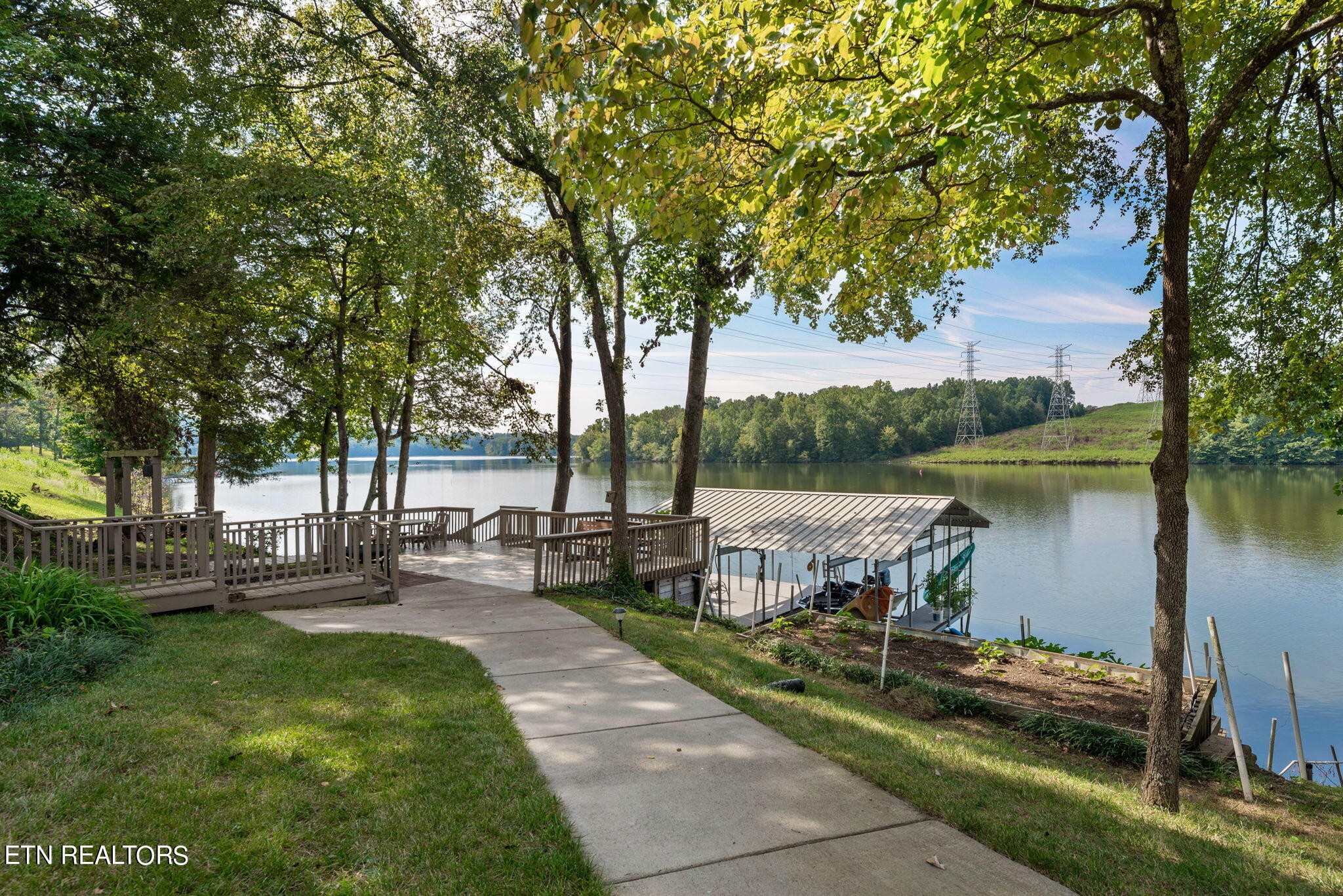 578 Emory River Road Harriman, TN 37748 - Photo 49 of 58 Gallery Image 49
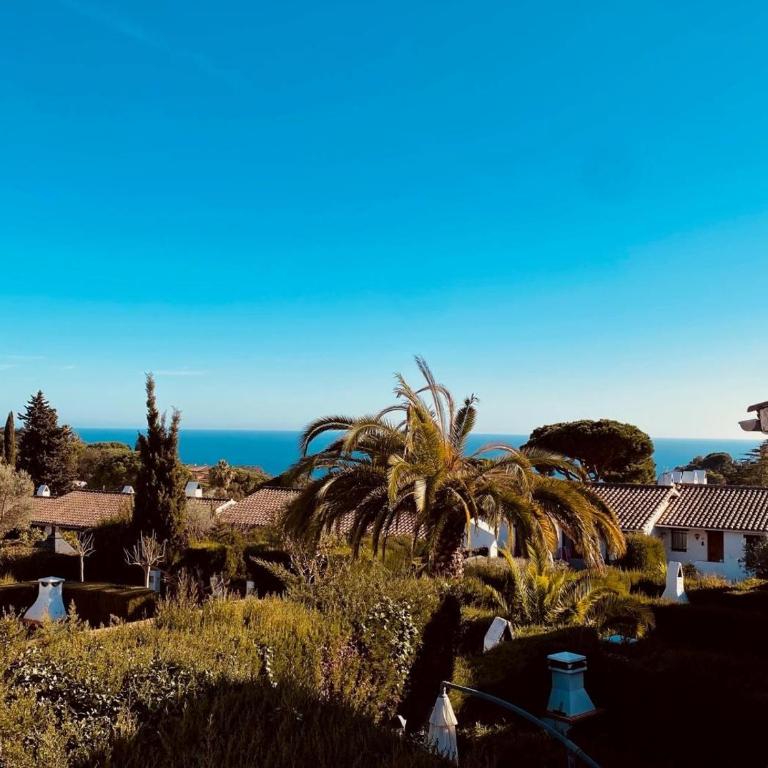 Villa Cinquella - Villa de 3 dormitorios - 80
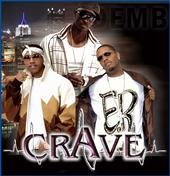 Bluestar new R&B group CRAVE Meanstreet4Life profile picture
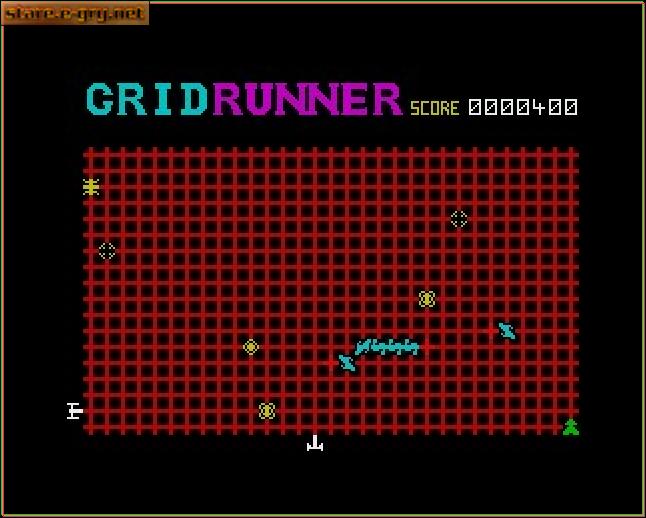 Gridrunner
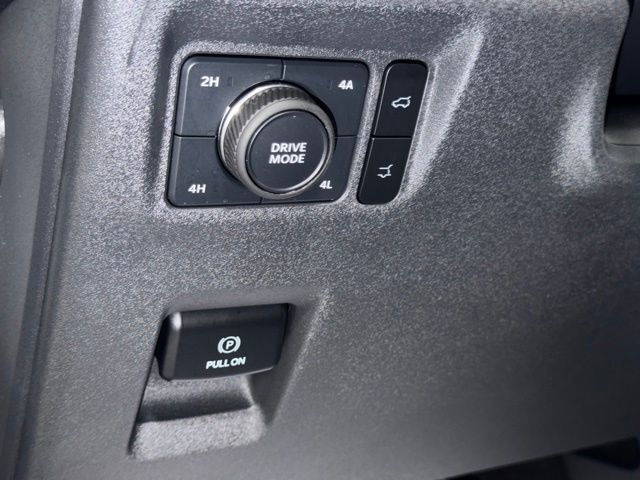 2025 Ford Expedition Max King Ranch Pine River MN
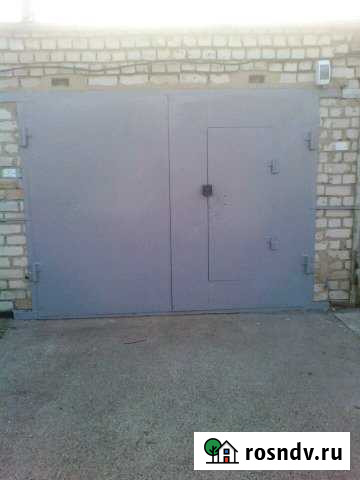 Гараж 18 м² на продажу в Волжском Волгоградской области Волжский - изображение 1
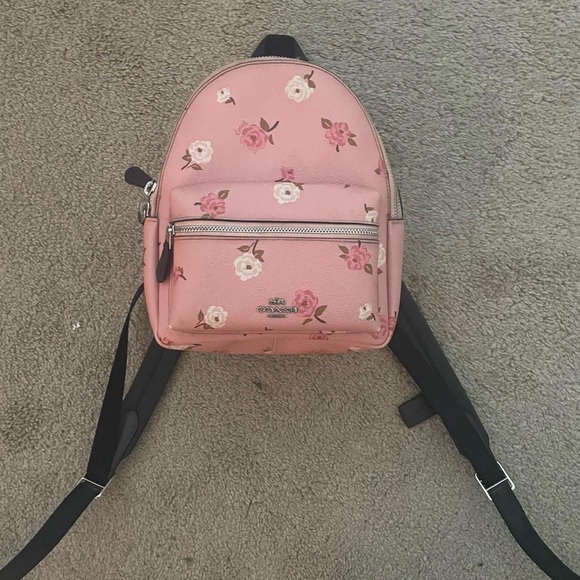 coach bag - Picture 1 of 4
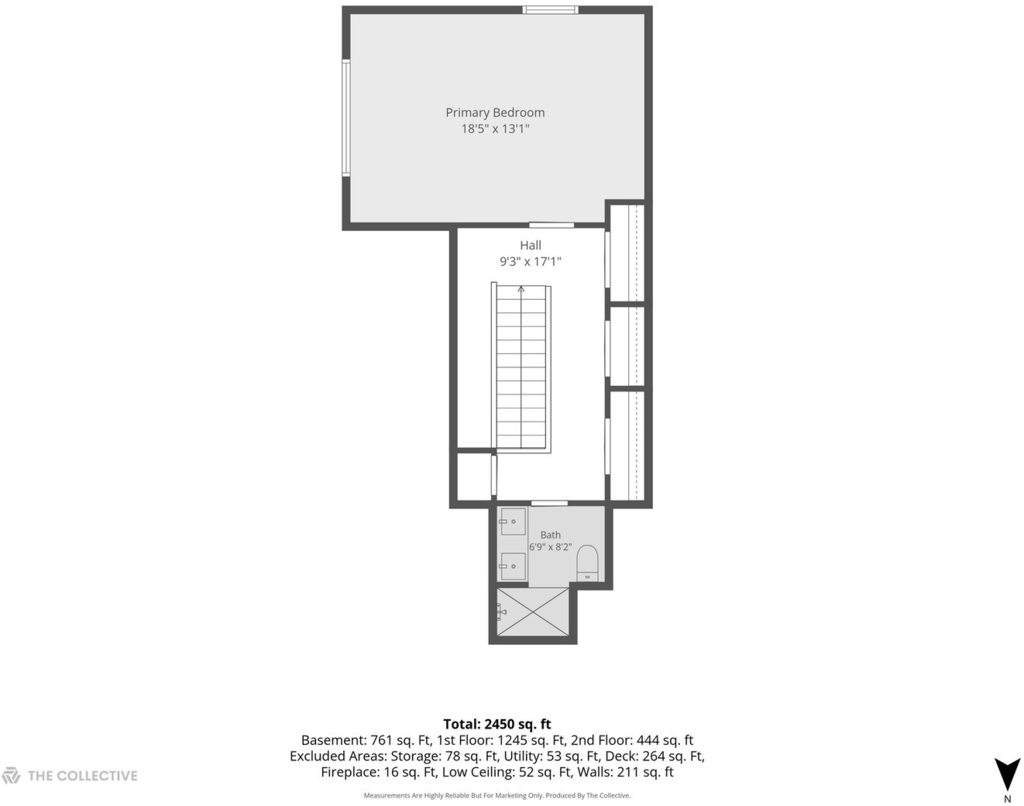 146 E Maple Street - Photo 16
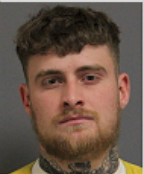 Image of MANSPEAKER, ELIJAH CHRISTOPHER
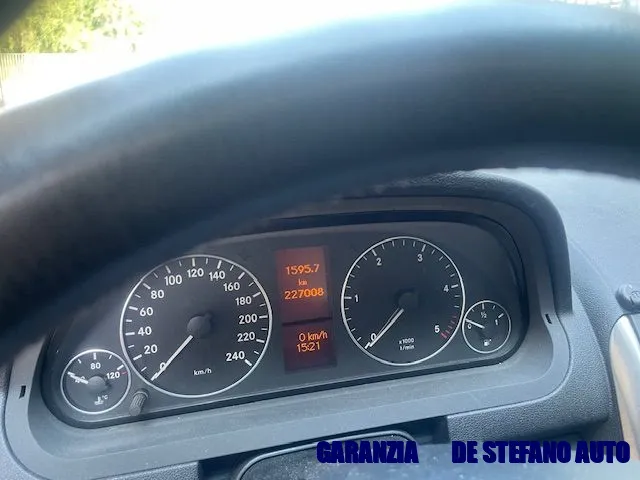Mercedes-Benz A 180 CDI Avantgarde - Foto 6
--------------------------------------------------
Leave the images behind and write out every entry exactly.

 578 Emory River Road Harriman, TN 37748 - Photo 49 of 58 Gallery Image 49
 Villa Cinquella - Villa de 3 dormitorios - 80
 Bluestar new R&B group CRAVE Meanstreet4Life profile picture
 Gridrunner
 2025 Ford Expedition Max King Ranch Pine River MN
 Гараж 18 м² на продажу в Волжском Волгоградской области Волжский - изображение 1
 coach bag - Picture 1 of 4
 146 E Maple Street - Photo 16
 Image of MANSPEAKER, ELIJAH CHRISTOPHER
Mercedes-Benz A 180 CDI Avantgarde - Foto 6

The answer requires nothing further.